Podesta condemned the release of his emails. “I’m not happy about being hacked by the Russians in their quest to throw the election to Donald Trump,” He also added, “Don’t have time to figure out which docs are real and which are faked.”

The Clinton campaign told the press, “Earlier today the U.S. government removed any reasonable doubt that the Kremlin has weaponized WikiLeaks to meddle in our election and benefit Donald Trump’s candidacy.”

“We are not going to confirm the authenticity of stolen documents released by Julian Assange, who has made no secret of his desire to damage Hillary Clinton.
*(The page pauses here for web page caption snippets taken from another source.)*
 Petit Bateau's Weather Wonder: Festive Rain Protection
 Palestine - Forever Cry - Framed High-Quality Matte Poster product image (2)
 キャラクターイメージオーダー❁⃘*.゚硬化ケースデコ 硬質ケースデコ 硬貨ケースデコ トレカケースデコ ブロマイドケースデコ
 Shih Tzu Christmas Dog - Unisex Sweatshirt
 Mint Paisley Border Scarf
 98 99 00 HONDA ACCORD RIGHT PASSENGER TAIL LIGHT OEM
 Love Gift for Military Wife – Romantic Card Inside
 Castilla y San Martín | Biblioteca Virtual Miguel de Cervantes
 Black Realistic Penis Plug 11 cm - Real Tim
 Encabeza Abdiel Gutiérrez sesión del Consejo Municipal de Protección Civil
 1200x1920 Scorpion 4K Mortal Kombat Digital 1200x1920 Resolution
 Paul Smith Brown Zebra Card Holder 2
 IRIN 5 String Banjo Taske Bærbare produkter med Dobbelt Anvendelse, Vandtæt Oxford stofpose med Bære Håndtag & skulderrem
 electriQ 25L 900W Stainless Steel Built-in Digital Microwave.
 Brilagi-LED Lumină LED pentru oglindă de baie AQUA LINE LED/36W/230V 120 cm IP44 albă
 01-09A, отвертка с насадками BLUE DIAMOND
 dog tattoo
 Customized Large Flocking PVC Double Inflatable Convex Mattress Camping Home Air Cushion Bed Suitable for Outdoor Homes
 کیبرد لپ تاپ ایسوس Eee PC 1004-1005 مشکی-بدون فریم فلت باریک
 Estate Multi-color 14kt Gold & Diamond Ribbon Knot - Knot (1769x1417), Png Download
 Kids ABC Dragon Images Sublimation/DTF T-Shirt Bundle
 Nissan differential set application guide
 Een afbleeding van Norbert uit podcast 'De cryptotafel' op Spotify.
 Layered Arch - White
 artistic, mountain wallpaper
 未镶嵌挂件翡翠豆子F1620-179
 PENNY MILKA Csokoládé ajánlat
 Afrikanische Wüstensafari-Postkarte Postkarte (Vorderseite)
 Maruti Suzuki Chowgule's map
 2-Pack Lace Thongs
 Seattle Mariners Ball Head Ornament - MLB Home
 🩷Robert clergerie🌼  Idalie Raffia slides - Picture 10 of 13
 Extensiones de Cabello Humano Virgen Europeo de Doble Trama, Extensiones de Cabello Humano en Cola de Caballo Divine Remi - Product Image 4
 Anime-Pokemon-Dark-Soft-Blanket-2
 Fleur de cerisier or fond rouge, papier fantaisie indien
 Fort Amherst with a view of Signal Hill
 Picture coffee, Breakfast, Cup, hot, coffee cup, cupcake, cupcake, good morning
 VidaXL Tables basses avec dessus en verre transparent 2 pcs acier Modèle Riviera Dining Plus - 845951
Guccifer 2.0 has already proven the warnings of top national security officials that documents can be faked as part of a sophisticated Russian misinformation campaign.”

But as the Washington Post acknowledged the Clinton campaign “did not say that the emails released Friday concerning Clinton’s speeches had been faked.”

Jonathan Chait, a columnist for New York Magazine who has served the role as unofficial Obama administration stenographer and proud liberal defender of Clinton, published a pathetic and amateurish blog post glibly poking at the left for doubting U.S. government claims about Russian involvement. But Chait himself noted the government “hasn’t released proof for its conclusions.”

Clinton campaign spokesperson Brian Fallon expressed his disgust with reporters, who dug through the Podesta emails. “Just like Russia wanted,” he declared on Twitter.

When emails were published in July, right before the Democratic National Convention in Philadelphia, and they showed the DNC had conspired against the Bernie Sanders campaign, the Clinton campaign immediately cast the emails as a part of a plot masterminded by Russia to wreak havoc on American politics.

The Obama administration has resorted to this propaganda, and multiple media organizations have largely accepted this frame without any healthy skepticism. However, the evidence for such Russian interference remains incredibly thin, if not entirely nonexistent.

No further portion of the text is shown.